The special value "finalized: None" could be used to signal "ya, it's all finalized; this is not a dynamic data source."

ahincks commented 6 years ago
  1. I'm not sure I fully get your first paragraph. Are you suggesting that get_timelines() and get_fields() return the same data, except that one has a timeline -> field dictionary and the other has a field -> timeline dictionary? If so, I agree.

  2. I like finalised because I'm worried there are cases in which is_live is ambiguous. For instance, say I have a data archive that gets updated every 24 hours. If you return is_live = True it's misleading because the consumer will have to wait up to a day for the data; but if you return False a client running long term may just assume that no new data are ever added. I think finalised fixes this. Given the example I've given, though, should it ever return finalised: None?
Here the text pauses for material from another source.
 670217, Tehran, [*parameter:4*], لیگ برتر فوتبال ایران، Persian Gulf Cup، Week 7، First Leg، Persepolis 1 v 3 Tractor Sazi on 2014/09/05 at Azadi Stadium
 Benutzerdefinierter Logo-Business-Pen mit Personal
  3. (Really 2b, but markdown won't let me name an enumerate thus.) I confess that the term 'finalised' threw me off at first: to me it intuitively indicated that the server wasn't expecting any more data, i.e., that the archive was completed. Maybe something along the lines of buffer_end? Though I'm not sure that's much better.

mhasself commented 6 years ago
  1. Actually I was suggesting that get_fields() could return the timeline -> field dictionary, and that get_timelines() is then unnecessary. But I see now that get_fields() returns its own indispensible things. Perhaps get_fields() could return both of these dicts? This does seem like a case where the caller usually needs both pieces of information.
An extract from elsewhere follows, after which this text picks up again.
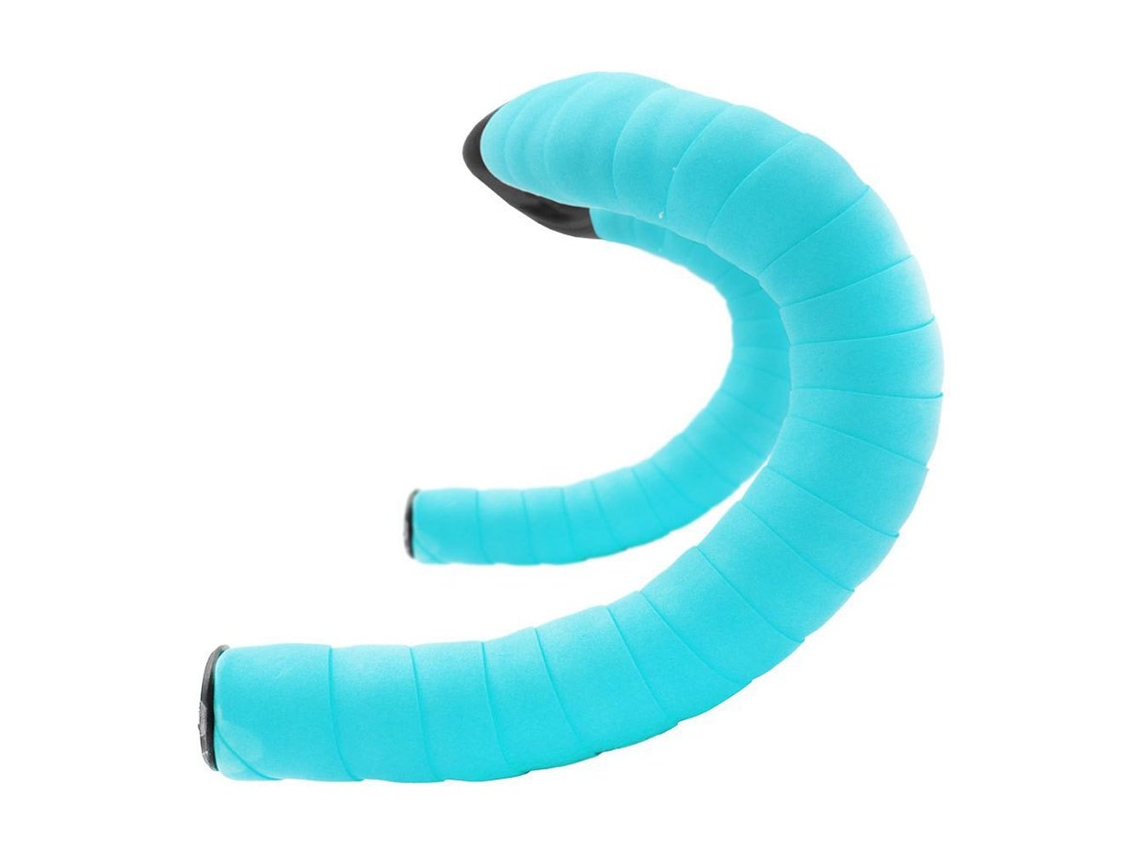 Fita Guiador Grip Plus Micro Holes Azulmvtek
  2. For more clarity, we could say "finalized_to" or "finalized_until" or "finalized_up_to". Important to emphasize that it's a timestamp, not a boolean (i.e. it's not an is_finalized). In your 24-hour update example, a requester might ask for hours of data at a time, and basically the server would reply "my current buffer ends at 3pm yesterday". The client is not given direct information about when the new data might arrive... but an intelligent client can still base the update interval on the current data staleness.

In the case of a server that is not expecting more data, ever.... it returns "finalized_to: None", regardless of the query.

  1. I would like to standardize U.S. English for all new code. Even if everyone reading this is Canadian... we need a lowest-common-denominator standard :)
ahincks commented 6 years ago

I think we've converged sufficiently at this point. I'll work on creating a pull request that implements our discussion and add you as a reviewer. (Once that pull request gets merged I can close out this issue.)

ahincks commented 6 years ago

Issues addressed in merged pull request 8feb58a.